Peki gitara başlama yaşı yaklaşık kaçtır? Sizin izinizden gitmek isteyen çocuk gitaristlere üç tane öneri vermenizi istesem neler söylersiniz?
Gitara başlamanın bir yaşı olduğunu düşünmüyorum ve bu biraz da geniş kapsamlı bir soru çünkü tamamen kişinin kendi hedeflerine göre değişiyor. Mesela kendi öğrencilerimden örnek vermem gerekirse, 80 yaşında dünyada isminden söz ettirmiş bir astrofizikçi ile bir süre ders yaptık. Kendisinin amacı torununa gitar çalmak ve onunla birlikte şarkılar söyleyip eğlenmekti. Ama şöyle de bir gerçek var ki, 80 yaşından sonra hiç kimsenin konser gitaristi olabileceğini ve gerçek anlamda enstrüman üzerinde ciddi hakimiyet sağlayabileceğini düşünmüyorum. Ben, benim izimden gidebilecekleri bir şey yaptığımı düşünmüyorum, o yüzden genel manada tavsiyeler vermem gerekirse;
1 – Akıllı ve doğru bir şekilde çalışmak çok mühim, ben bunu yapmadım ve zararını gördüm. Henüz daha Flamenko’ya yeni başladığım zamanlarda kolumu sakatladım ve fizik tedavi almak zorunda kaldım.

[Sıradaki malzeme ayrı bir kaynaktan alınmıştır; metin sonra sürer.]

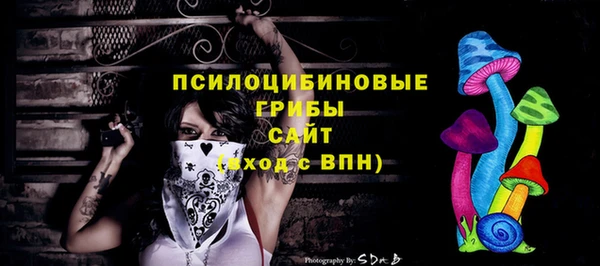 хмурый Михайлов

2 – Bol bol müzik dinlemek kendilerini çok geliştirecektir.
3 – Müzik dışında başka alanlara da ilgi duymak, bakış açılarını ve dünyalarını genişletecektir.
Yakın döneme dair hayallerinizi ve projelerinizi de son olarak bizimle paylaşır mısınız?
Kendi bestelerimden oluşan bir albüm yapma hayalim var. Yarışmalar için uygun zamanlar geldiğinde, yarışmalara katılmayı da düşünüyorum. Lisans eğitimim henüz bitmedi, bittiğinde yurtdışı veya yurtiçi seçeneklerini hesaba katıp ona göre hareket etmeyi düşünüyorum.
Bu keyifli söyleşi için çok teşekkürler…
Böyle bir fırsat verip kendimi özgürce ifade edebileceğim bir mecra yarattığınız için, müzikle ve sanatla ilgilenen bütün gençler adına asıl ben size teşekkür ederim.